* DIRECTIONS FOR THIS TASK
Before copying, find the line below that contains "Large Daisy Brooch"; then return it and all later lines exactly, up to and including the final line, with no pictures.

* RECORDED DATA

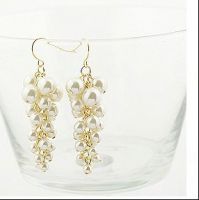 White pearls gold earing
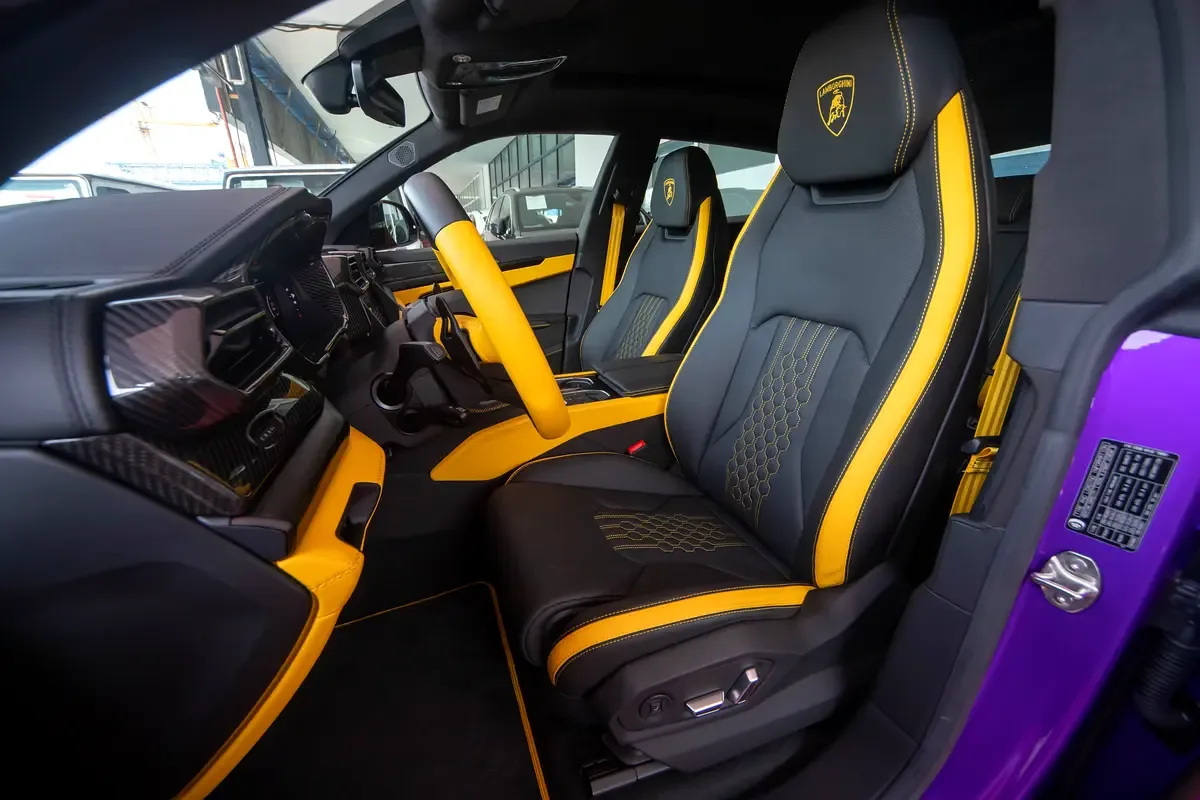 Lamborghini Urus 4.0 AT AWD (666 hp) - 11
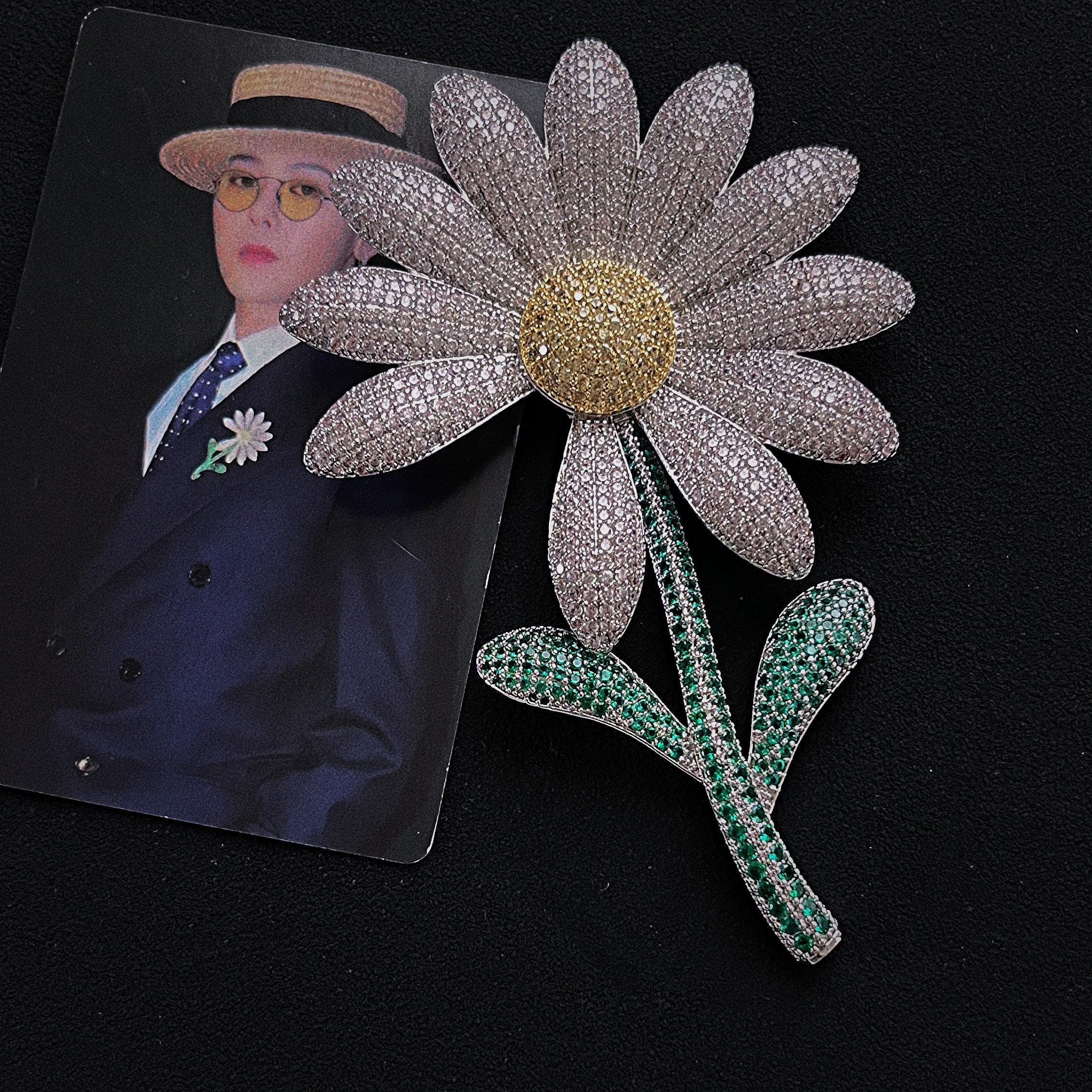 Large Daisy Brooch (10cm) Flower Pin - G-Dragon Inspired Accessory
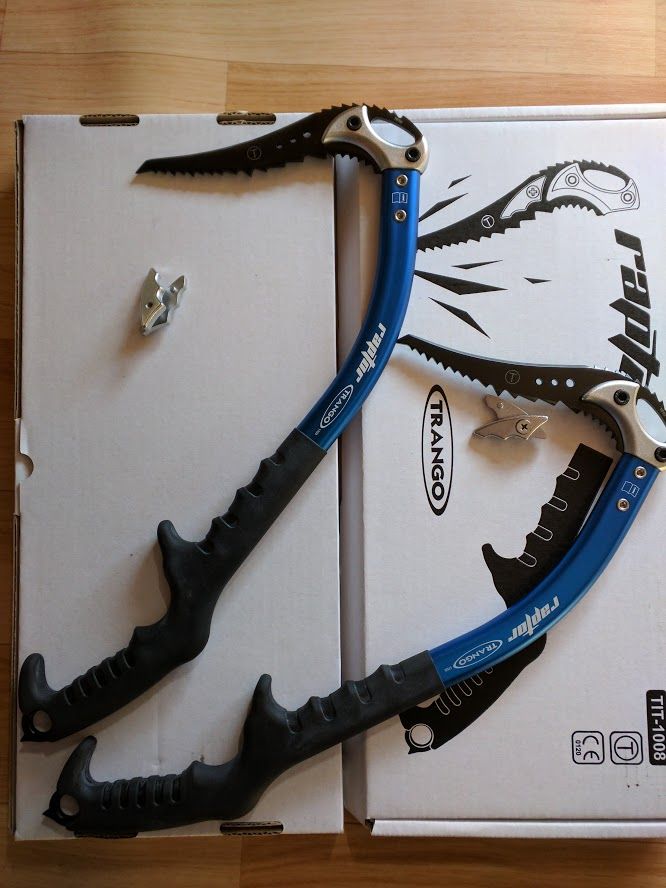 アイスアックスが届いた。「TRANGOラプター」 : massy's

* SOLUTION FOR THIS EXERCISE
 Large Daisy Brooch (10cm) Flower Pin - G-Dragon Inspired Accessory
 アイスアックスが届いた。「TRANGOラプター」 : massy's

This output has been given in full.